You contend the remaining information in Exhibit J contains attorney core work product that is protected by rule 192.5 of the Texas Rules of Civil Procedure. Upon review, we find you have failed to demonstrate that any of the remaining information at issue consists of mental impressions, opinions, conclusions, or legal theories of an attorney or an attorney's representative that were created for trial or in anticipation of litigation. Consequently, none of the remaining information in Exhibit J may be withheld pursuant to rule 192.5.

In summary, the city may withhold the information we have marked in Exhibit J pursuant to rule 503 of the Texas Rules of Evidence. The remaining information must be released.

This letter ruling is limited to the particular information at issue in this request and limited to the facts as presented to us; therefore, this ruling must not be relied upon as a previous determination regarding any other information or any other circumstances.

This ruling triggers important deadlines regarding the rights and responsibilities of the governmental body and of the requestor. For more information concerning those rights and responsibilities, please visit our website at http://www.oag.state.tx.us/open/index_orl.php, or call the Office of the Attorney General's Open Government Hotline, toll free, at (877) 673-6839. Questions concerning the allowable charges for providing public information under the Act must be directed to the Cost Rules Administrator of the Office of the Attorney General, toll free, at (888) 672-6787.

Sincerely,

Jennifer Luttrall

Assistant Attorney General

Open Records Division

JL/dls

Ref: ID# 445007

Enc. Submitted documents

c: Requestor

(w/o enclosures)


Footnotes

1. Although you also raise section 552.101 of the Government Code in conjunction with the attorney work product privilege under Texas Rule of Civil Procedure 192.5, this office has concluded section 552.101 does not encompass discovery privileges. See Open Records Decision Nos. 676 at 1-2 (2002), 575 at 2 (1990).

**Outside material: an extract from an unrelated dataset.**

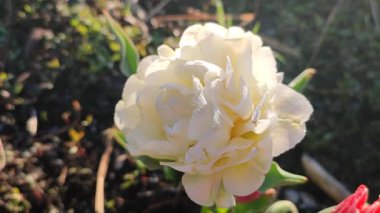 Lale. Güzel açan lale çiçeği. Güneşli bir bahar sabahında, çiçek açan lale çiçekleri. Çiçek açan beyaz lale çiçekleri toprakta büyüyor. Doğal arkaplan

2. We assume the "representative sample" of records submitted to this office is truly representative of the requested records as a whole. See Open Records Decision Nos. 499 (1988), 497 (1988). This open records letter does not reach, and therefore does not authorize the withholding of, any other requested records to the extent that those records contain substantially different types of information than that submitted to this office.

3. As our ruling is dispositive, we do not address your remaining argument against disclosure of this information.